*PROBLEM*.
The answer is the data below, repeated exactly, with no pictures included.

*RAW DATA*.
********************

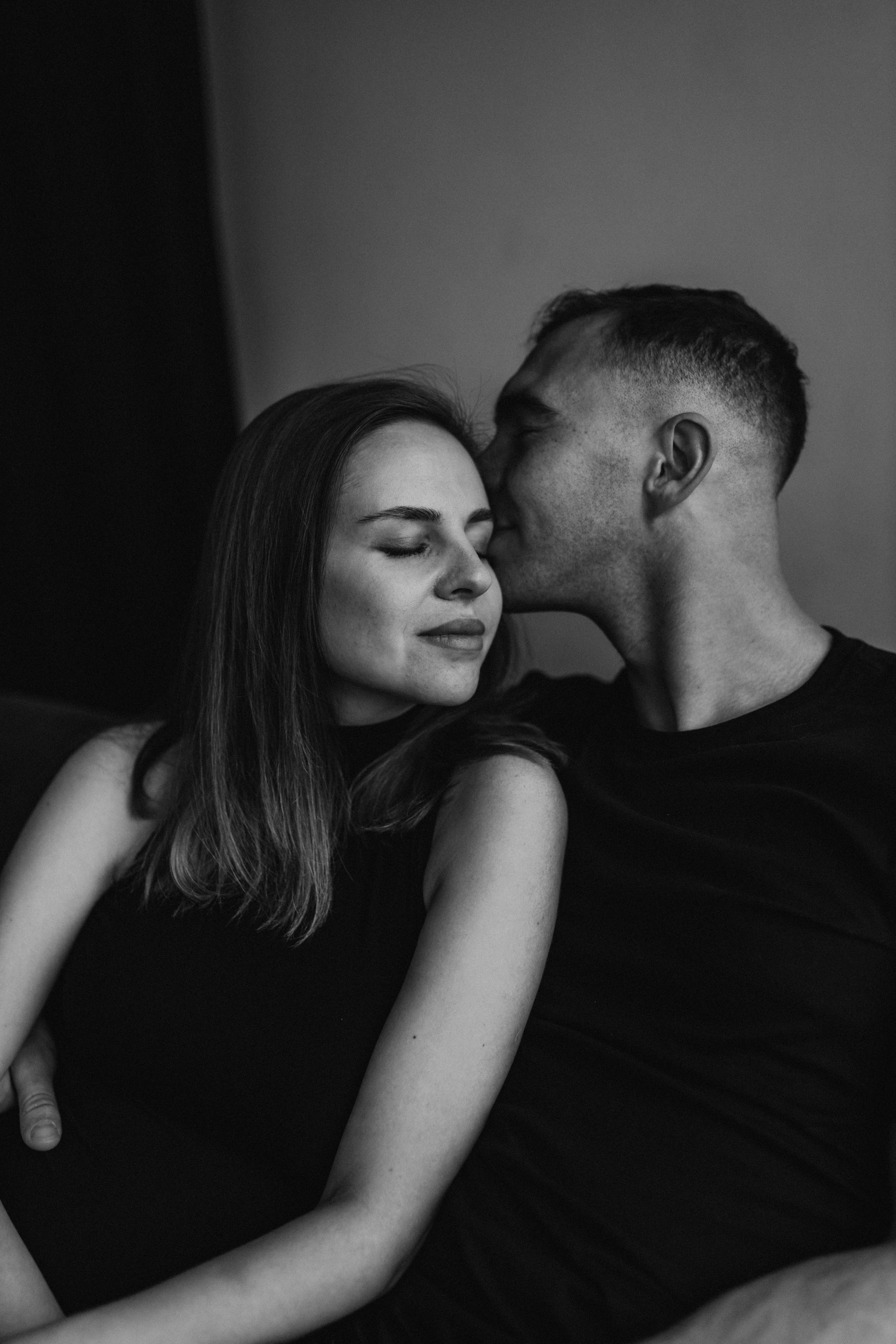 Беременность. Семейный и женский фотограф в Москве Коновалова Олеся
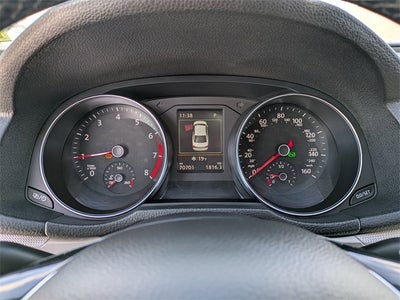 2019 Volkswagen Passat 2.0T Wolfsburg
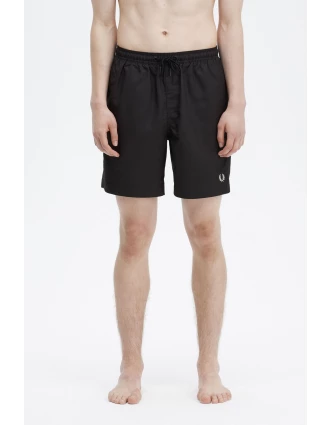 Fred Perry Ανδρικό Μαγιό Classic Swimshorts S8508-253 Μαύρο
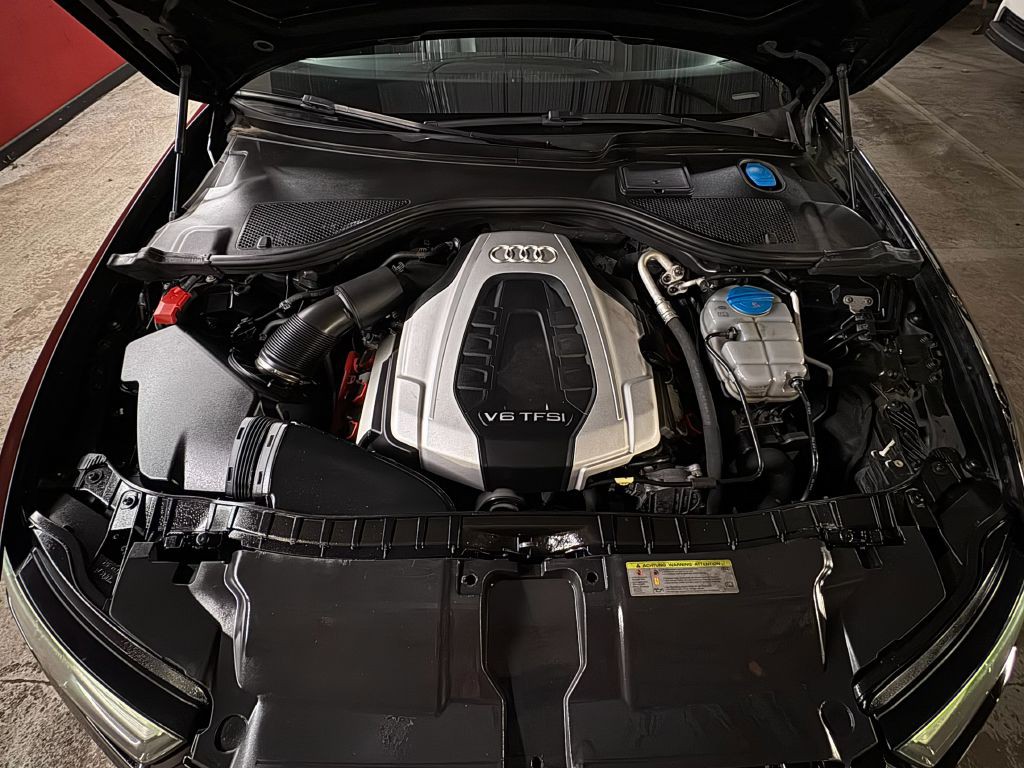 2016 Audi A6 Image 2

********************

*RESULT OF THE EXERCISE*.
 Беременность. Семейный и женский фотограф в Москве Коновалова Олеся
 2019 Volkswagen Passat 2.0T Wolfsburg
 Fred Perry Ανδρικό Μαγιό Classic Swimshorts S8508-253 Μαύρο
 2016 Audi A6 Image 2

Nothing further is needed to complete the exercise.